Me too. But the app would be faster.



GREENPLUM said:


> i can see the zone just fine without it ,,, thanks to my Droid X


----------



## Nathan (Jun 11, 2008)

Droid app is coming for sure and is already in testing. We will have it soon.


----------



## ckoch407 (Sep 30, 2009)

Not complaining but here's a review:

Pros: a little faster and easier to navigate than full site on mobile device. Looks like it will be easy to load pictures direct from device. 

Cons:
Missing lots of much used features. Emoticons, Thank post, unable to unsubscribe threads from "Subcribed Threads" section. Can't edit profile or add pics to albums from app.


----------



## Proud Plumber (Sep 15, 2008)

Nathan said:


> Not sure yet.


Please dont forget about us Black berry folks Nathan


----------



## Protech (Sep 22, 2008)

The current droid version sucks. Luckily, I can just go to the browser and view the PZ in "normal mode".

Problems with the droid app: 

Attached pictures do not load.
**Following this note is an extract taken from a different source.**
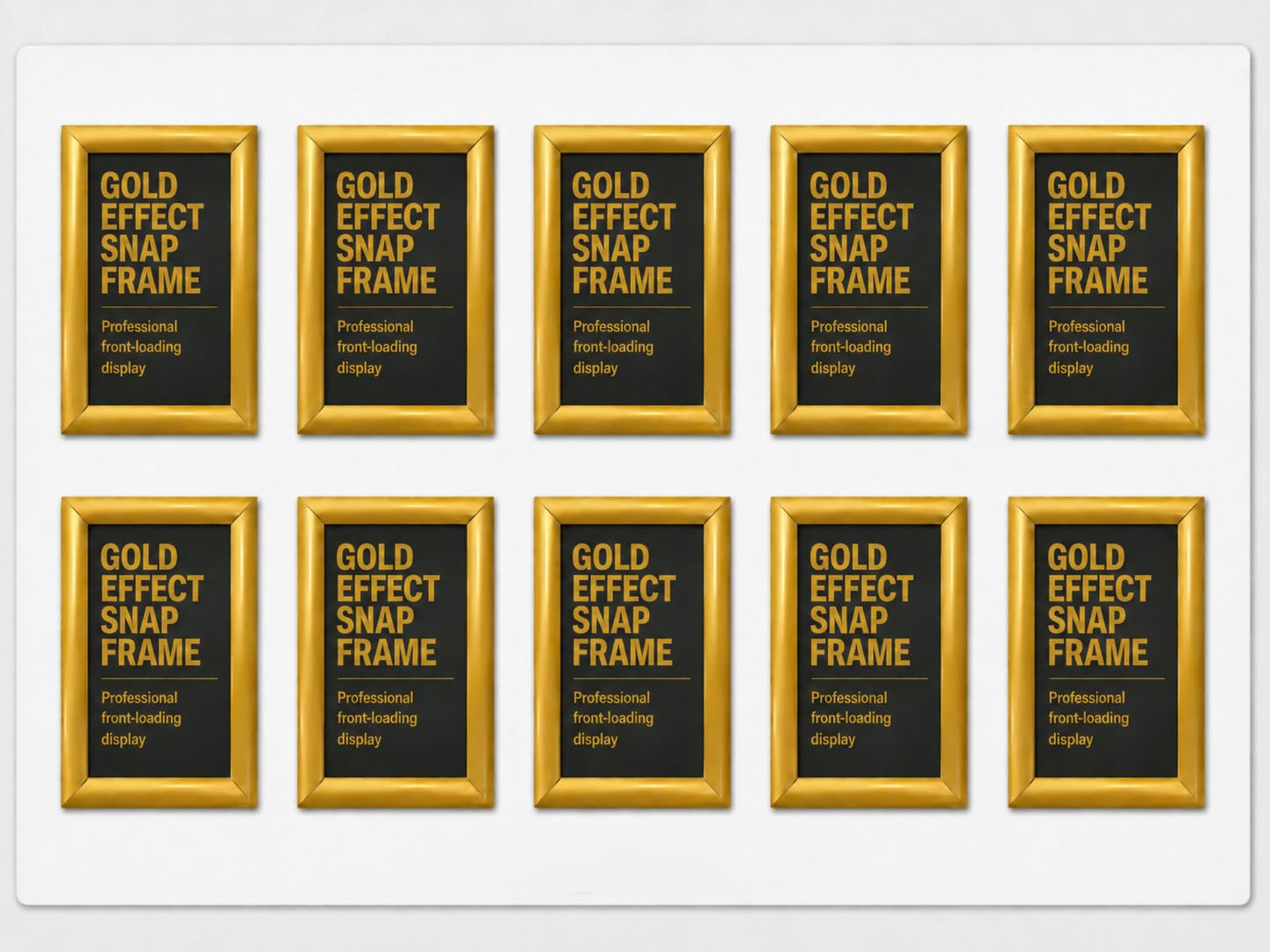 Deflecto 10 Pack of A4 Snap Frame with a 25mm profile- GOLD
All I get is a black square where the picture is supposed to be.

No emoticons show up.


----------



## Protech (Sep 22, 2008)

Also, when you try to view recent activity, the original post shows up instead of the newest post. That sort of defeats the purpose of using said function. 

Yet another problem, I can't seem to post replies perhaps this is just me being stupid, but I can't find out how to post using the droid app.


----------



## plumbpro (Mar 10, 2010)

Protech said:


> The current droid version sucks. Luckily, I can just go to the browser and view the PZ in "normal mode".
> 
> Problems with the droid app:
> 
> ...


Ditto for Iphone


----------



## Chris3topher271 (Jun 13, 2014)

Was the app removed from the App Store?


----------